La SFIL restera-t-elle un véhicule bancaire de la CDC ? Oui, puisqu'il y a un mandat particulier. Un des projets qui sous-tend le rapprochement avec la Poste est de bien coordonner l'action de quatre établissements de types très divers mais ayant chacun un mandat bien précis : Bpifrance, la Banque des territoires, la SFIL et la Banque postale.
Je ne connais pas la rémunération des collaborateurs de la SFIL. Il y a des activités très techniques de gestion financière mais, comme on est dans le secteur public, ce ne sont pas les rémunérations qui sont servies dans le privé. La situation a été suivie de très près par l'État, et le sera par nous lorsque la SFIL rejoindra le groupe.
Sur Euronext, nous sommes montés au capital en deux temps. Nous avions 3 %, Bpifrance avait 3 % et, en accord avec Nicolas Dufourcq, nous avons rassemblé ces participations dans les mains de la CDC pour avoir une unité de commandement sur ces 6 %. Comme une banque française et une banque néerlandaise étaient vendeuses, nous avons racheté leurs participations. La première raison est qu'Euronext constitue un actif stratégique : Euronext est une grande infrastructure de marché, et l'endroit où s'échangent les titres permettant d'accéder au capital des grandes entreprises européennes. Il était donc dans le mandat de la CDC de peser au capital de cette grande entreprise européenne d'origine française. Sous l'autorité de Stéphane Boujnah, Euronext construit une plateforme européenne. C'est une institution très bien gérée, dont l'équilibre financier, que nous suivons attentivement, ne nous inspire pas d'inquiétude, et qui a les moyens de financer son développement, d'autant qu'elle s'appuie sur des actionnaires solides.
Sur le dépôt de garantie des locataires, nous avons rencontré l'auteur du rapport. Nous avons des réserves sur l'idée de centraliser des ressources financières à un moment où leur rémunération est négative. Ce serait compliqué pour l'établissement qui porterait la ressource... Et les bailleurs sociaux ont de la trésorerie.
Un vrai mouvement d'évolution est engagé dans le logement social, avec un rapprochement des bailleurs pour se consolider. Ils s'appuient sur la mise en place des outils : le rallongement de la dette est en place ; le prêt de haut de bilan tarde à être mis en oeuvre, car il s'agit d'une offre conjointe avec Action logement. La clause de revoyure a permis une meilleure compréhension entre les différentes familles de l'HLM, Action logement, l'État et la CDC, sur les outils à leur disposition. Les rapprochements qui se font sont de vrais rapprochements. CDC Habitat, notre opérateur de logement social, a décidé l'année dernière de fusionner les treize entreprises sociales pour l'habitat de son réseau, ce qui génère de vraies économies - et, avec plus de 750 opérateurs, le logement social a des gains de productivité à faire.

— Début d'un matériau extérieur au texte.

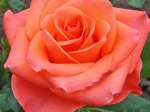 Роза чайно-гибридная ВАУ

L'offre Tonus que nous mettons en place repose sur nos capitaux propres à hauteur de 700 millions d'euros. Elle est conçue pour être à destination des bailleurs sociaux exclusivement. Je remercie la commission de surveillance de son soutien : la CDC va porter la nue-propriété pendant des durées de quinze à vingt ans, sans aucune rémunération. Le bailleur social, ayant l'usufruit, récupèrera la totalité des revenus, pour un investissement qui représentera sans doute la moitié du montant total.
Il y a aussi des baisses de charges pour le secteur : quand nous allongeons la dette en faisant du prêt de haut de bilan à 0 % pendant vingt ans, nous supprimons des charges financières. Outre l'effort de bonification financière, qui représente 700 millions d'euros par an, l'État a décidé de maintenir un taux de Livret A certes élevé par rapport à l'univers des taux, mais plus bas qu'il n'aurait été avec la formule précédente, et cela représente aussi un effort de soutien au secteur de 700 millions d'euros.

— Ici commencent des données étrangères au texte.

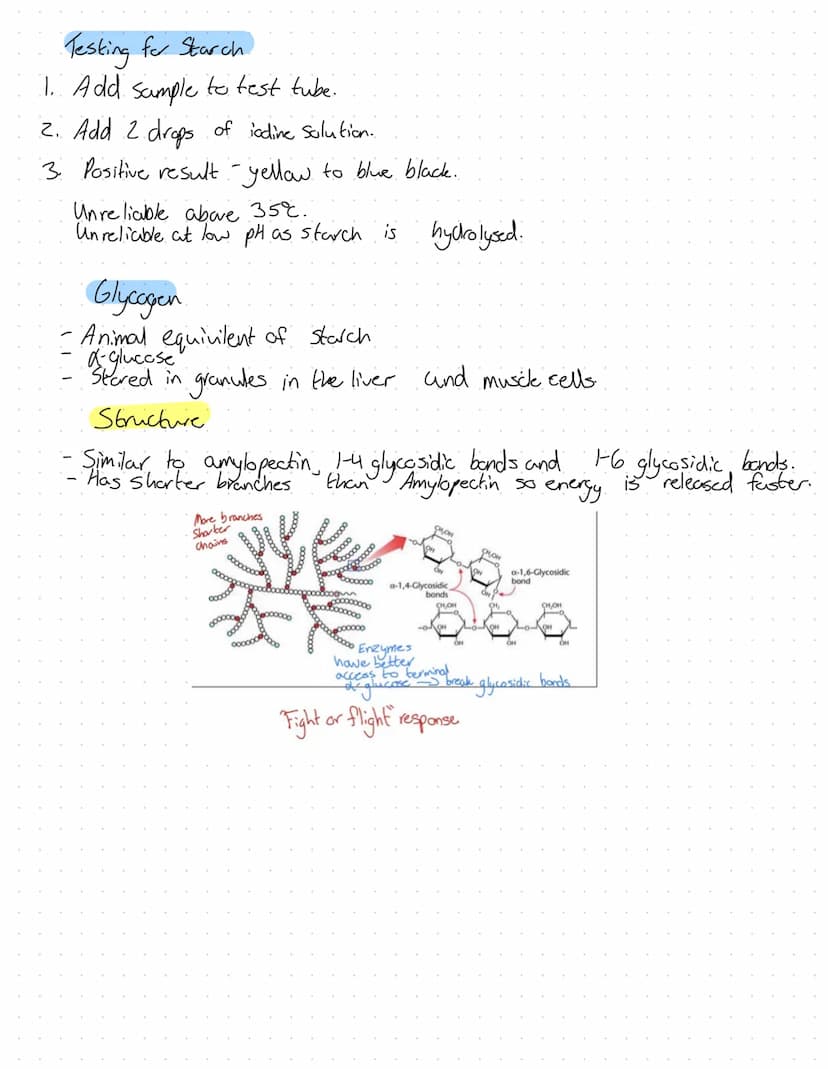 Revision
Fons
2+
Mg²+
Plants
A component in chlorophyll, deficiency turns plant yellow. Chlorosis.
Plant grow the slows due
Animals
·Strengt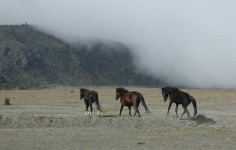 image of animal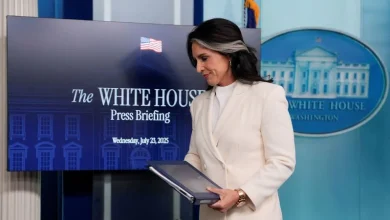 What does Tulsi Gabbard’s job as director of national intelligence have to do with elections?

Avec le mouvement du logement social, nous sommes dans une relation d'offre de service. Nous dialoguons avec les fédérations, avec chaque organisme, et chacun décide si nos outils lui conviennent ou non. La Banque des territoires emporte un dynamisme accru, avec un site internet à destination de tous les organismes, présentant des offres très diverses.

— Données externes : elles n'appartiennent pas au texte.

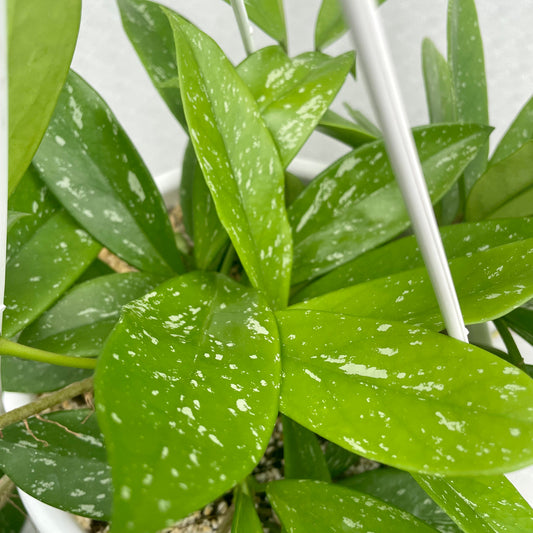 close up of a Hoya Pubicalyx showing pattern and texture of foliage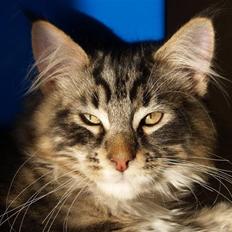 Maine Coon Valdemar død den. 16.11.16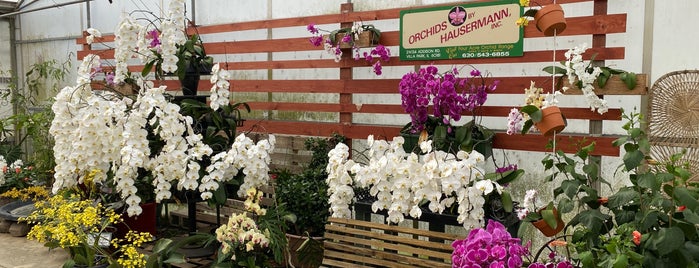 Orchids by Hausermann is one of Must Do Soon.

L'allongement de la dette, s'il diminue la charge annuelle, ne fait pas baisser le coût global, qui augmente au contraire. Quel est le rôle de la CDC dans la réorganisation ? Les acteurs viennent nous voir et nous finançons le projet qu'ils nous proposent. Notre neutralité entre les mouvements de logement social est totale, et nous offrons les mêmes outils à chacun - je l'ai clairement dit aux fédérations.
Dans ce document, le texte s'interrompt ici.